Exploring the use of a large language model for data extraction in systematic reviews: a rapid feasibility study

2024 Prague [Global Evidence Summit]

Campbell F¹, Craig D¹, Engelbert M², Graziosi S³, Hair K⁴, Kapp C⁵, Khanteymoori A⁶, Schmidt L¹, Thomas J³

¹National Institute for Health and Care Research Innovation Observatory, Population Health Sciences Institute, Newcastle University

²International Initiative For Impact Evaluation (3ie)

³UCL Social Research Institute, University College London

⁴Centre for Clinical Brain Sciences, University of Edinburgh

⁵Institute for Quality and Efficiency in Health Care, Cologne, Germany

⁶Department of Neurosurgery, Neurocenter, Medical Center - University of Freiburg

The emergence of large language models (LLMs) has stimulated much discussion about the potential of these and similar AI tools to promote evidence generation and use. One such use case is the acceleration of evidence synthesis in the form of systematic reviews. If LLMs can decrease the time and human effort required to produce systematic reviews, this could result in substantially greater amounts of high-quality evidence synthesis available to decision-makers. However, careful testing of LLMs for accelerating systematic reviews is needed to ensure they can attain levels of reliability and accuracy comparable to those of human reviewers.

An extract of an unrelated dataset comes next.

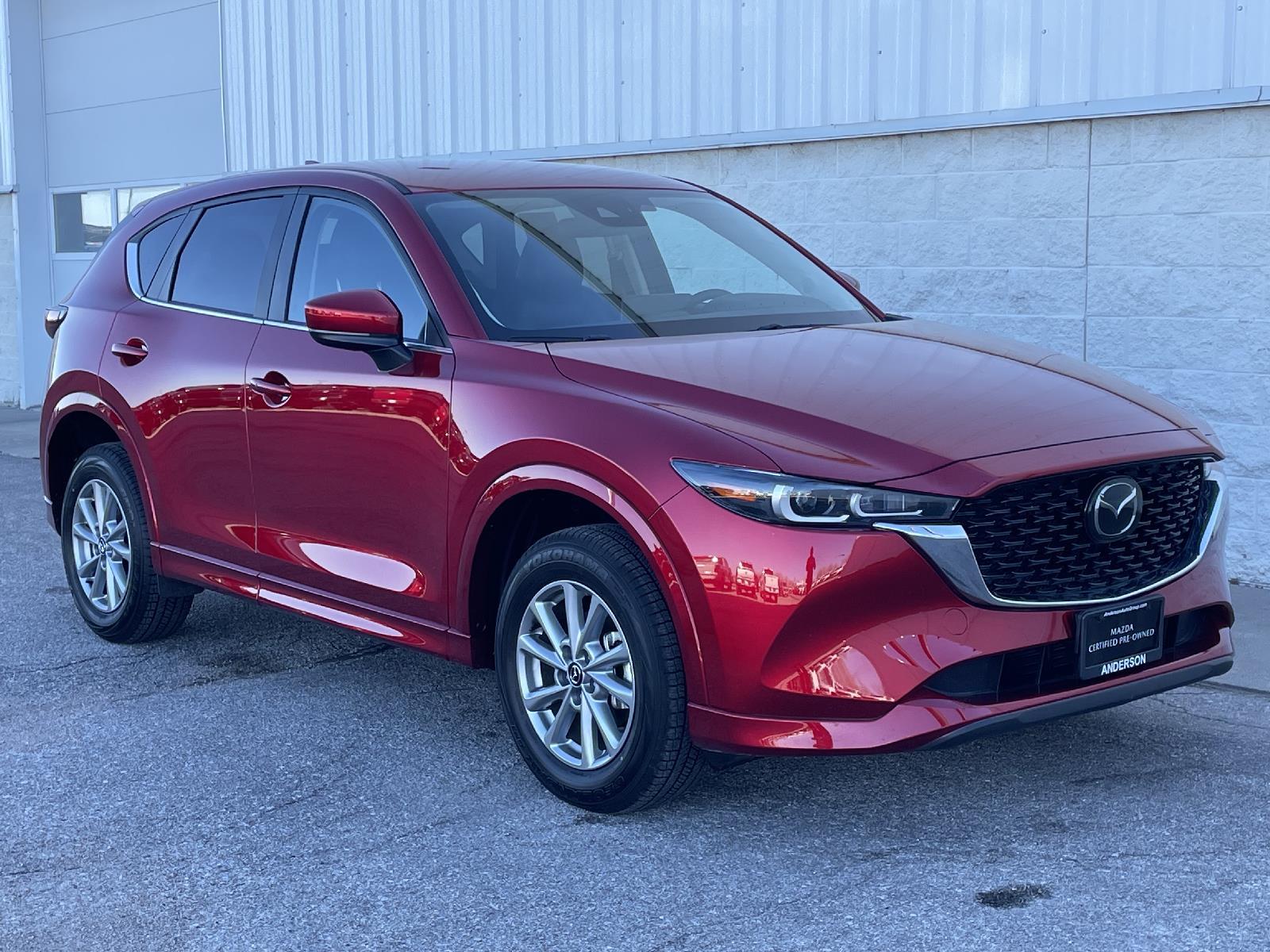 Used 2024 Mazda CX-5 2.5 S Select Package SUV for sale in Lincoln NE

During the 2023 Evidence Synthesis Hackathon, we conducted 2 feasibility studies of using GPT-4, and LLM, to (semi)automate data extraction in systematic reviews. Firstly, to automatically extract study characteristics from studies in the human clinical, animal, and social science domains. We used 2 studies from each category for prompt development and 10 for evaluation. Secondly, we used the LLM to predict PICOs labeled within 100 abstracts in the EBM-NLP data set.

Overall, results indicated an accuracy of around 80%, with some variability between domains (82% for human clinical, 80% for animal, and 72% for studies of human social sciences). Causal inference methods and study design were the data extraction items with the most errors. In the PICO study, participants and intervention/control showed high accuracy (>80%), whereas outcomes were more challenging. We also found that the LLM’s responses were not entirely stable across multiple submissions of the same prompt, and the order in which prompts were submitted made a substantial difference to the accuracy of responses.

This work presents a template for future evaluations of LLMs in the context of data extraction for systematic review automation. Our results show that there might be value in using LLMs, for example, as second or third reviewers. However, caution is advised when integrating models such as GPT-4 into systematic review procedures. Further research on stability and reliability in practical settings is warranted for each type of data that is processed by the LLM.